Thursday, April 24, 2014

Who's Who? - Amelia Earhart

At the age of 7, Amelia Earhart and her sister constructed their own roller-coaster using fence rails and roller skates.

After working as nurse and a telephone operator, Amelia became a social worker in Boston where she taught English to immigrant children.

In 1928, only one year after Charles Lindbergh's flight, Amelia Earhart became the first woman to make the flight across the Atlantic Ocean. Bill Stultz was flying the plane and Amelia was checking maps and keeping recordings. Since she didn't fly the plane herself, she later said that although it was a "grand experience," that she had felt like "baggage."

On Feb. 7, 1931, Amelia Earhart married George Putnam. In the past Earhart had turned down a proposal from another gentleman, saying that she didn't want to be a "domestic robot."

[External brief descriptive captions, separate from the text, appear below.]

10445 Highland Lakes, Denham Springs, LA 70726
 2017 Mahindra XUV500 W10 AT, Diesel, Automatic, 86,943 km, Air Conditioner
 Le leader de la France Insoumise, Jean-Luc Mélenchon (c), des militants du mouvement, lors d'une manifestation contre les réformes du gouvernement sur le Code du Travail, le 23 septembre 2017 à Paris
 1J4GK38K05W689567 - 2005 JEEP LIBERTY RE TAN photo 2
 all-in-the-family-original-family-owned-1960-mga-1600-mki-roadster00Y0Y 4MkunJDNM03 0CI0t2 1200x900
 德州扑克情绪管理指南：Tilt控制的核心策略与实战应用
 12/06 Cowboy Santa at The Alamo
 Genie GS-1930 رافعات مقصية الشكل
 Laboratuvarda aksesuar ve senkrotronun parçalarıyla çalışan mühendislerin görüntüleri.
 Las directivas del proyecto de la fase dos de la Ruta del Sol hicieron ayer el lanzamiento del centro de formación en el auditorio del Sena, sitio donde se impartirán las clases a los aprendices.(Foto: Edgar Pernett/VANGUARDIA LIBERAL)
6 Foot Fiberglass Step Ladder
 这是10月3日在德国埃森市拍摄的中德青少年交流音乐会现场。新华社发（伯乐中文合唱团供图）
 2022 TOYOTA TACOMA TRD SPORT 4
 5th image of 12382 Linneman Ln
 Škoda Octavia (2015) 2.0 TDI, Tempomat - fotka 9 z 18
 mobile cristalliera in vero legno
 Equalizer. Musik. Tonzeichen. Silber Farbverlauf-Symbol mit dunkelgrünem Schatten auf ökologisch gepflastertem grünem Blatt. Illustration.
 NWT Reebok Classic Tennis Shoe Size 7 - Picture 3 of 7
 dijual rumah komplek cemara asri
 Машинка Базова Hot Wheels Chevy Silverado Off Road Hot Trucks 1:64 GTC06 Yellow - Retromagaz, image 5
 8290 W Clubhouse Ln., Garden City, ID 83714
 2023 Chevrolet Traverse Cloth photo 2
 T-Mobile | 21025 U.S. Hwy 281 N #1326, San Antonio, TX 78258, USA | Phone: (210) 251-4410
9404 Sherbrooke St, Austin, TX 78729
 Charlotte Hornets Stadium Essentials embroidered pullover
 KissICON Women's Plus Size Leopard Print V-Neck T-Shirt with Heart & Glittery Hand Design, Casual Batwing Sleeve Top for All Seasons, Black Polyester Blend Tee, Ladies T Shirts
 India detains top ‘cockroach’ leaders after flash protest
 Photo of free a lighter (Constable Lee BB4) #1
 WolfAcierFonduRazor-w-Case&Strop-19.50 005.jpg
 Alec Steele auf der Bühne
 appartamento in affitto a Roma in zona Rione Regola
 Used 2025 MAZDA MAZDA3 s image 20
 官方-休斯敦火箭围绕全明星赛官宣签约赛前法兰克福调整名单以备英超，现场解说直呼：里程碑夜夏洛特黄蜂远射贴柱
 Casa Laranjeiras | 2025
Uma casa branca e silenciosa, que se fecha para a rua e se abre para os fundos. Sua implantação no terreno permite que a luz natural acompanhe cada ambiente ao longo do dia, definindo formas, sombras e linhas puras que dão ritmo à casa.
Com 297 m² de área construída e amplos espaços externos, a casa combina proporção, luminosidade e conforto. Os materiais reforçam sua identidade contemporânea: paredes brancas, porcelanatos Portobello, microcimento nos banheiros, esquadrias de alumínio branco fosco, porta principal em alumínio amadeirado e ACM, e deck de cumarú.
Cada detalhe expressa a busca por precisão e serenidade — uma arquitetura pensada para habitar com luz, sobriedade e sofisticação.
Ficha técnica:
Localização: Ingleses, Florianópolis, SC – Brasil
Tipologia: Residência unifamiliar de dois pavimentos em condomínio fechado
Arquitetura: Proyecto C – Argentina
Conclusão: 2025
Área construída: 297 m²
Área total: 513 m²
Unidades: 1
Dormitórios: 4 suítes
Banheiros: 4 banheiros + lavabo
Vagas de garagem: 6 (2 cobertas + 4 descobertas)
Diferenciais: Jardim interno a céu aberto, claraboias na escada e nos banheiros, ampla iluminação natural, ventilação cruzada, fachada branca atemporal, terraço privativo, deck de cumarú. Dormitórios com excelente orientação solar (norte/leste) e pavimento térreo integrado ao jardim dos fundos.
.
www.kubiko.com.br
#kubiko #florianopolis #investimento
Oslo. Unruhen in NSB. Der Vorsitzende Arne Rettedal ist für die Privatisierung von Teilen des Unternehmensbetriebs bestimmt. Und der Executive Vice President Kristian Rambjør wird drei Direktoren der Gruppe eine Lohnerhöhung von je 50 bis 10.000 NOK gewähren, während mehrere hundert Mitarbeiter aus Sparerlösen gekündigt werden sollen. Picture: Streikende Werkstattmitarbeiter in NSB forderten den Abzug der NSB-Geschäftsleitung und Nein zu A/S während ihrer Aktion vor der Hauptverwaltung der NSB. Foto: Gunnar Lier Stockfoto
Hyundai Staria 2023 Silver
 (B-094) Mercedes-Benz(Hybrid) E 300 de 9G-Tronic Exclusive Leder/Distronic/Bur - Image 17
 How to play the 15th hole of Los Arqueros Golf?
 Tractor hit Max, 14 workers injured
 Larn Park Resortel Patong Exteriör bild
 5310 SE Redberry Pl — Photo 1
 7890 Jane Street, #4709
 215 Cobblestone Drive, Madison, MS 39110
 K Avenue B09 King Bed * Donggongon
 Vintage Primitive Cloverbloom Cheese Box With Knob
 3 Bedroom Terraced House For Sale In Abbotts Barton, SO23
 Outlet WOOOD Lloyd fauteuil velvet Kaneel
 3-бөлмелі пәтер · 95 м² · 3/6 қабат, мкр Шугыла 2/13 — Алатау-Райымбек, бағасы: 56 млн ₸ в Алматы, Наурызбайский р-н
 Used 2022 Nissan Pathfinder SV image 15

In 1932 she became the first woman to fly solo across the Atlantic. Three other women had previously died trying.  Acknowledging the dangers of attempting a flight around the world, Amelia Earhart said, "If I should pop off, it will be doing the thing I've always wanted to do."

Awards Won:
U.S. Distinguished Flying Cross;
Cross of the Knight of the Legion of Honor, from the French Government;
Gold Medal of the National Geographic Society
Harmon Trophy as America's outstanding airwoman in 1932, 1933, 1934, and 1935.
Romania - Award for Aeronautic Merit

On June 1, 1937 Amelia Earhart and her navigator, Fred Noonan, began their flight around the world, covering the first leg from Florida to Puerto Rico. The flight took them to South America, Africa, India, Burma, Thailand, Singapore, Indonesia, Australia and New Guinea. Amelia Earhart and Noonan left New Guinea on July 2, 1937, headed for Howland Island, a tiny island in the Pacific only two miles long and one mile wide. They never arrived. Amelia Earhart disappeared in the Pacific on July 3.